In remarks titled ‘How Do You Want to Be Remembered’, Ellis Cose, US author, journalist, commentator and educator, told the gathering that they had their story and their university experience offers an opportunity to shape that story.
“… There is something universal about the college experience. It is a time to become whatever you aspire to become, to actually be reborn, in a sense. It’s a time to relish and enjoy, offering freedom unlike what you will experience at any other point.
“It’s a time of reflection, and of myriad possibilities — some of which you can see and some of which will become clearer later. And it allows you to defer, at least for a while, some fundamental questions: What will my life mean? What will I do with my time on this earth? No matter how smart and reflective you are, that’s never an easy question to answer.

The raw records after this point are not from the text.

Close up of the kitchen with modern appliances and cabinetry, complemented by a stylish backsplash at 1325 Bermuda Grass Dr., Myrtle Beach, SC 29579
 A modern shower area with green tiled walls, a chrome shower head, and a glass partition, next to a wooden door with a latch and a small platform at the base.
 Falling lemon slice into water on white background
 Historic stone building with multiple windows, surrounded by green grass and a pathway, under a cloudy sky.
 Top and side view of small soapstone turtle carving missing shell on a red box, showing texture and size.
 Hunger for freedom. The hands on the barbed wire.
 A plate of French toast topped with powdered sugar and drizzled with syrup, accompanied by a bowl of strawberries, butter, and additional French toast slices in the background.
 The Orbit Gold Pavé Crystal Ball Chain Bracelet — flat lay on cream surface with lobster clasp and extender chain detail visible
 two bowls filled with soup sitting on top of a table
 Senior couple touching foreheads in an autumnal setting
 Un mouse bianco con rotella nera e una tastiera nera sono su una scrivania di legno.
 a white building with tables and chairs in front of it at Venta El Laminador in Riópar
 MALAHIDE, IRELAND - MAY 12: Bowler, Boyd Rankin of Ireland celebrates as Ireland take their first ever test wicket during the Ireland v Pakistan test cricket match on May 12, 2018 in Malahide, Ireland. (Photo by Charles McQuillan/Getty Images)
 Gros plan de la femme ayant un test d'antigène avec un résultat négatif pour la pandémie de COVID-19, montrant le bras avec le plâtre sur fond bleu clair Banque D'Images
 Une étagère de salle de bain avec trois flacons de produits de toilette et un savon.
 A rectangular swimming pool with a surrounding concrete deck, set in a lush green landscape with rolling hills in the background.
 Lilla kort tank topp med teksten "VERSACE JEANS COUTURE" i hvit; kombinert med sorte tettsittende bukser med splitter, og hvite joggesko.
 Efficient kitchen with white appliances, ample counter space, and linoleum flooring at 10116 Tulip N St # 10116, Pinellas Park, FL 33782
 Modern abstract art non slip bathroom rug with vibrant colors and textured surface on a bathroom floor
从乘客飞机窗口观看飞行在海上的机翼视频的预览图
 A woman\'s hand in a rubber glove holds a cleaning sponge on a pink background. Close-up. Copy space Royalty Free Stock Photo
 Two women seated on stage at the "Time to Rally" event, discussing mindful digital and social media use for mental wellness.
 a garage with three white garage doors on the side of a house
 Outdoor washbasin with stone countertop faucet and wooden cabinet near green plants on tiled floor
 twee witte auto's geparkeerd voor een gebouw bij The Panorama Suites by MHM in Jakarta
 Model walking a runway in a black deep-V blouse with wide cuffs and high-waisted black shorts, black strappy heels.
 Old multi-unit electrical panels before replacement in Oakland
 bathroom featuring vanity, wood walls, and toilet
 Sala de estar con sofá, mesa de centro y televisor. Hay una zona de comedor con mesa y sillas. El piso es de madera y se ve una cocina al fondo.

“Great universities, by their nature, are like huge fertile fields to nurture ideas, aspirations and the souls of the young — and sometimes the not so young. This is true of this institution, whose original campus was founded in Evanston outside my hometown of Chicago by Methodist abolitionists. It says much about the founders’ vision that, generations later, Northwestern continues to nurture students around the globe as they seek to develop themselves and find a purpose.”
Everette E Dennis, Dean and CEO, NU-Q, welcomed the faculty, staff and students and said this year’s class continues to represent “the best and brightest students from Qatar and countries across the globe to NU-Q”.
The faculty led the new students into the venue dressed in academic regalia. More than 200 current students, alumni, and staff were present.
Jemina Marcos Legaspi, President, NU-Q Student Union, also spoke.
Cose said while they live in “perilous times, “ it is important to think about how they want to be remembered”.
Illustrating his point through a story of an architect who could point to his buildings as a way to be remembered, Cose told the students: “But massive structures are not the only things for which you can be remembered. At the very least, you can leave behind your good name. If you are so blessed, children may be your legacy. And, if you can find a forum, you may contribute ideas and insights that tell a larger truth.
“That journey, for many of you, will start here; so suck all the wisdom you can from this great university; and don’t worry about sucking it dry.
“There will always be more knowledge to take its place. Use your time here as an occasion to look out on the larger world and find a place that needs and deserves you, to find your next plot of soil where you really belong,” he added.
A long-time columnist and contributing editor for Newsweek magazine, Cose is a former editorial page editor of the New York Daily News and has been a contributing editor and press critic for Time magazine. He has a master’s degree in science, technology and public policy from George Washington University and has been a fellow at the former Gannett Centre for Media Studies at Columbia University, National Research Council/National Academy of Sciences, a senior fellow and director of energy at Joint Centre for Political Studies in Washington and a consultant to Ford and Rockefeller foundations.
The convocation speech reaffirms NU-Q’s mission to bring some of the best talent in global journalism and strategic communications to Qatar to teach, mentor and inspire Qatar’s future leaders and its next generation of communicators.
According to the independent US News National Universities rankings, Northwestern is the top American university currently teaching in Qatar.